Advanced RocketMQ principle key query

All who strive to improve themselves will eventually succeed — Goethe

“This is the 13th day of my participation in the First Challenge 2022. For details: First Challenge 2022”

indexFile

In addition to message consumption via the usual specified Topic, RocketMQ provides the ability to query messages by key or time interval. This query is a quick query indexed by indexFile in the index subdirectory of the Store directory. Of course, the index data in this indexFile is written when the message containing the key is sent to the Broker. If the message does not contain a key, it will not be written. The fixed size of a single IndexFile is about 400M, and an IndexFile can hold 2000W indexes. The underlying storage of IndexFile is designed to implement HashMap structure in the file system. So rocketMQ’s index file is implemented as a hash index.

Storage location

$HOME\store\index${fileName}, the name is timestamp named

Index entry structure

Each Broker contains a set of IndexFiles, and each indexFile is named after a timestamp (the timestamp at which the indexFile was created). Each indexFile consists of three parts: indexHeader, slots, and indexes. Each indexFile contains 500W slot slots, and each slot contains 4 bytes. In addition, each slot may mount a large number of index units, each of which is 20 bytes

So the total size is: indexHeader size + (slots size)500W + (size of index unit) * 2000W = 40 + 4 * 500W + 202000w = 420000040 bytes = 400 MB

indexHeader

IndexHeader is a fixed 40 bytes containing the following data:

  1. BeginTimestamp: Storage time of the first message in the indexFile
  2. EndTimestamp: Time when the last message in the indexFile was stored
  3. BeginPhyoffset: The offset of the first message in the indexFile in the Commitlog offset
  4. EndPhyoffset: The offset of the last message in the indexFile in the Commitlog offset
  5. HashSlotCount: The number of slots that have been filled with index (not every slot has index units attached to it, but the number of slots that have index units attached to it)
  6. IndexCount: The number of index units in the indexFile (the total number of index units mounted to all slots in the current indexFile)

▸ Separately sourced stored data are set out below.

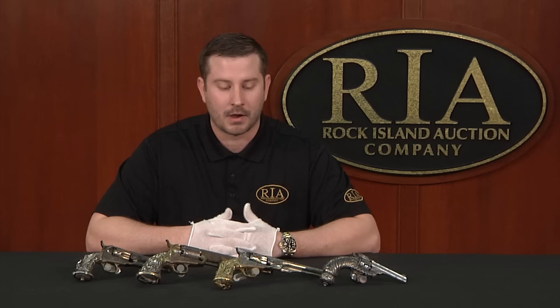I hope you enjoyed this video. It's a unique opportunity to examine a great collaboration between a famous jeweler and two of the most famous firearms designers of the 19th century.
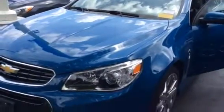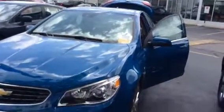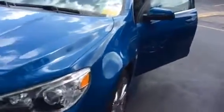This is an informative video from your sales team at Boucher Chevrolet Highway 18 in Waukesha. Today we're featuring something we don't see every day, which is a pre-owned 2015 Chevy SS.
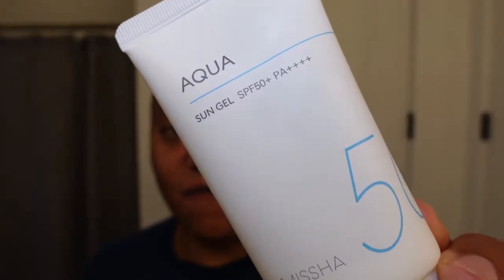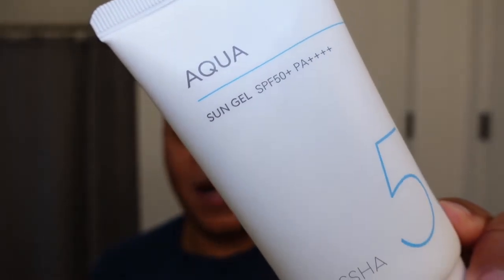Before we begin, I want to do a quick review of a sunscreen from my AM routine. This is the Misha All Around Safe Block Aqua Sun Gel SPF 50 Plus PA 4 Pluses. I've been using it for just under a week, but previously used it for about a week and a half. It's a very affordable sunscreen you can find on YesStyle and Jolse for under $10.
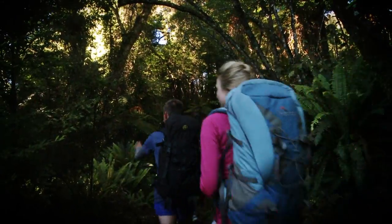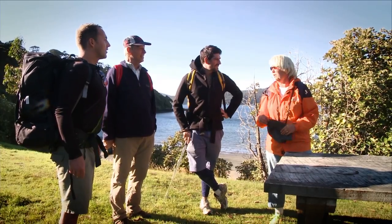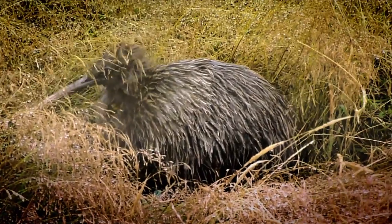So this is a Rimu — hundreds of years old. It's another world up there. I didn't expect such beautiful beaches. We saw Kiwis — that was really special. I mean, to see a Kiwi in the wild.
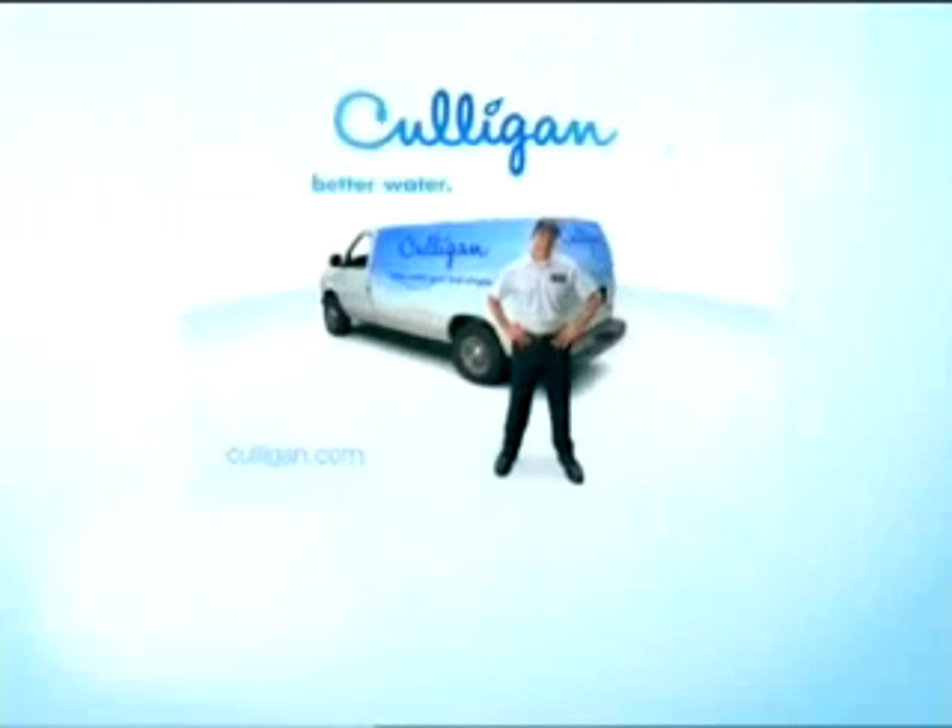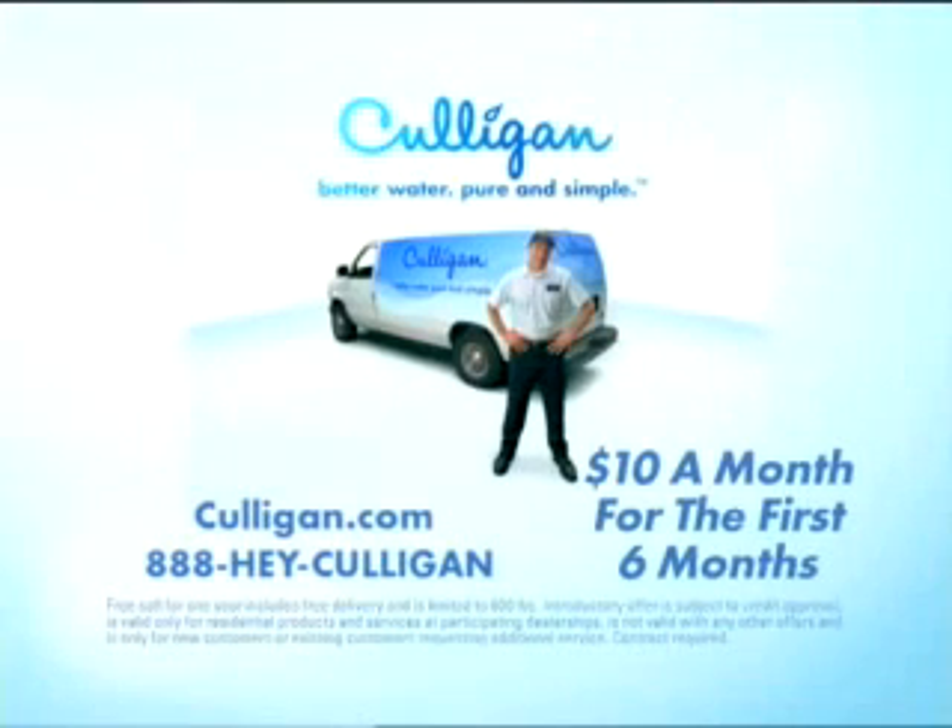Spots are just downright annoying. The problem is hard water spots, but a Culligan water softener can help get rid of them throughout your home. So for better water, call your Culligan man today. Right now, solve your water problems for as little as $10 a month for six months.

Slots and indexes relationship

The logical storage

The most complex aspect of indexFile is the relationship between Slots and Indexes. In the actual storage, the Indexes come after Slots, but for ease of understanding, their relationship is shown as follows:The hash value % 500W for the key is the slot value. The slot value is then changed to the indexNo of the index unit, from which the position of the index unit in the indexFile can be calculated. In order to solve this problem, preIndexNo was added to each index unit to specify the index unit that preceded the current index unit in the slot. A slot always stores the latest index unit indexNo. If the slot is found, the latest index unit can be found, and all previous index units can be found through this index unit.

IndexNo is a sequence number in an indexFile, ascending from 0. That is, all IndexNos in an indexFile are incremented by this. IndexNo is not represented in the index unit; instead, it is computed by indexes.Physical storage

Indexing unit

Index The index unit contains 20 bytes, which contains the following four attributes:

  1. KeyHash: Hash value of the business key specified in the message
  2. PhyOffset: The offset of the message corresponding to the current key in the Commitlog offset
  3. TimeDiff: Indicates the difference between the time when the message corresponding to the current key is stored and the time when the current indexFile is created
  4. PreIndexNo: Indicates the indexNo of the index unit that preceded the current index unit in the current slot

Query messages by Message Key

Querying messages by Message Key is based on RocketMQ’s IndexFile IndexFile. RocketMQ’s index file logical structure is similar to the implementation of HashMap in the JDK. The specific structure of the index file is as follows:IndexFile provides Message index query by Message Key. An IndexFile is stored in the following locations: $HOME\store\index${fileName} fileName is named after the timestamp when it was created. The file size is fixed, equal to 40+500W4+2000W20= 420000040 bytes. If the UNIQ_KEY property is set in the message properties, write to the value of topic + “#” + UNIQ_KEY as the key. If the message is set to KEYS (multiple KEYS separated by Spaces), topic + “#” + KEY will also be indexed.